Judging by our bleeding obsession with clubs I’m guessing not. Square heads, movable weights, boxer hybrid shaping, high modulus stabilization ribs, precision trimmer blades, color-safe bleach…
Ugh.
Somehow thinking about all these options hearkens that scene in Monty Python’s “Meaning of Life” when the glutton ate that one last “wafer thin mint”. I think if I have to assimilate one more new golf club design concept all that will be left of me is hair, teeth, and hamburger, decoratively spackled on the interior walls of my office.
Of course, we all are compelled to play the clubs Tiger uses… or Rory, or Scottie. At least that’s what the big club companies want us to be thinking. Why else would they pay out infinite bucks to these guys to brandish their latest iteration of hypedom? Heck, with what the top two tiers of players knock down in club endorsement dough (Tiger being Tier One, a few others filling Tier Two), it makes the payout in the FedEx Quest for the Cash look like chump change.

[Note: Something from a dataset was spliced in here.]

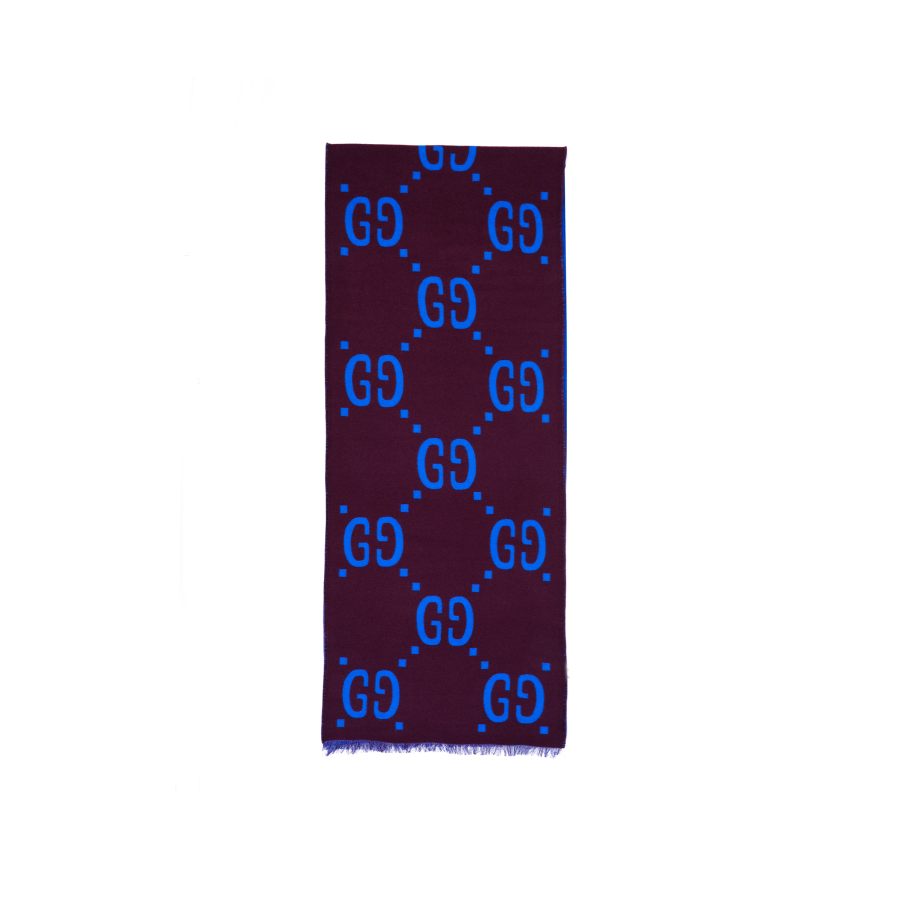 GUCCI Wool Knit Scarves Unisex Blue/Purple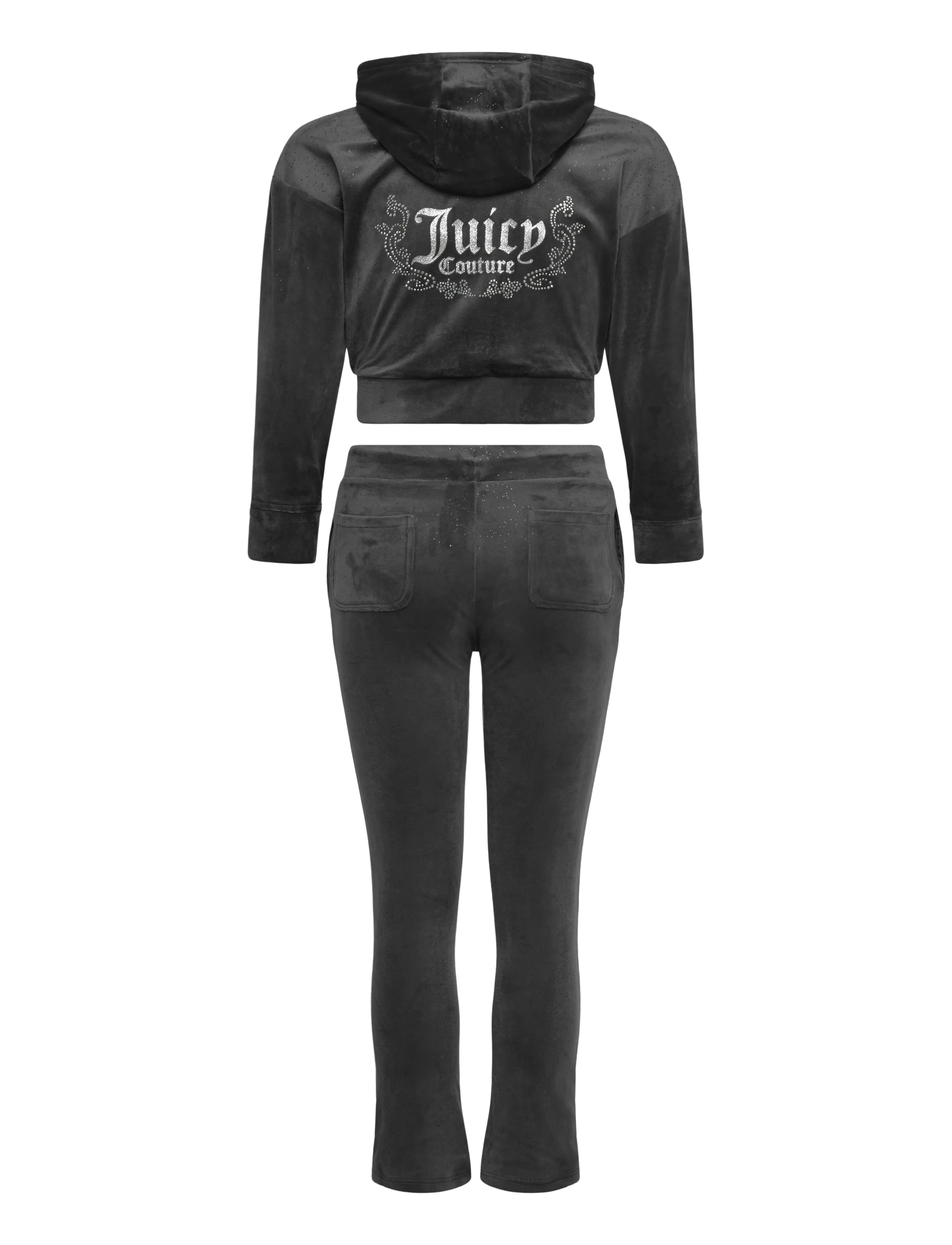 Juicy Couture - Glitter Velour Cropped Zip Thru & Bootcut Set - sportanzüge - black oyster - 1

It’s essential to assert that I hold the major golf OEMs in the highest possible regard. Their contribution to the game we love is much more than you likely think. These guys beat their heads against the wall year after year, many struggling to survive the bitter competition. But even if their motives are 100% profit-oriented (I don’t believe it–few in the golf industry are not motivated by a good dose of blind passion for the game), they spend a fortune to promote it. That’s good for golf. Long live the big OEMs.
But, sadly, the OEMs have been sucked into an insidious cyclone. Product cycles have become frighteningly short. The branding competition to capture market mind share drives staggering endorsement expenditures. The essential need to come up with the newest-best miracle “technology” strains R&D budgets. And like Exlax and heroin, the more you take the more you need.
Even worse, a foundation of innovation and player-endorsement is a false one. The OEM house is built on enough sand to fill a million church pews.
On the topic of player endorsements, the clubs the pros use–as old club guru Tom Wishon pointed out–are no more like the clubs you buy than NASCAR cars are to those in the showroom. And, there is no fundamental logic to the concept of playing the same clubs the pros play. When was the last time you cut a 240 yard 4-iron ten feet off the ground?
On the topic of innovation, do you really think that whatever the designers come up with next year will enable you to hit it straighter and/or longer? Did the clubs you bought this year lower your handicap?
The bottom line is that it IS the GUNNER. But… It also IS the GUN. But it’s NOT the elliptic shapes, the cavities, OR the new blue bleaching crystals.
It’s the FIT. And it’s having clubs that FIT THE FIT.